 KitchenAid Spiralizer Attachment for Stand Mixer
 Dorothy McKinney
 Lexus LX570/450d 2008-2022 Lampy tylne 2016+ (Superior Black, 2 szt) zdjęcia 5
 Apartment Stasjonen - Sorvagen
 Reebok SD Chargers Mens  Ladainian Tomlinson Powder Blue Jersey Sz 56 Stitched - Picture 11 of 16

* * * * * * * * *

» **Exercise aim**:
What you give back should be exactly the lines from the one with "Dorothy McKinney" through the final line of the listing, and no others.

» **The answer**:
 Dorothy McKinney
 Lexus LX570/450d 2008-2022 Lampy tylne 2016+ (Superior Black, 2 szt) zdjęcia 5
 Apartment Stasjonen - Sorvagen
 Reebok SD Chargers Mens  Ladainian Tomlinson Powder Blue Jersey Sz 56 Stitched - Picture 11 of 16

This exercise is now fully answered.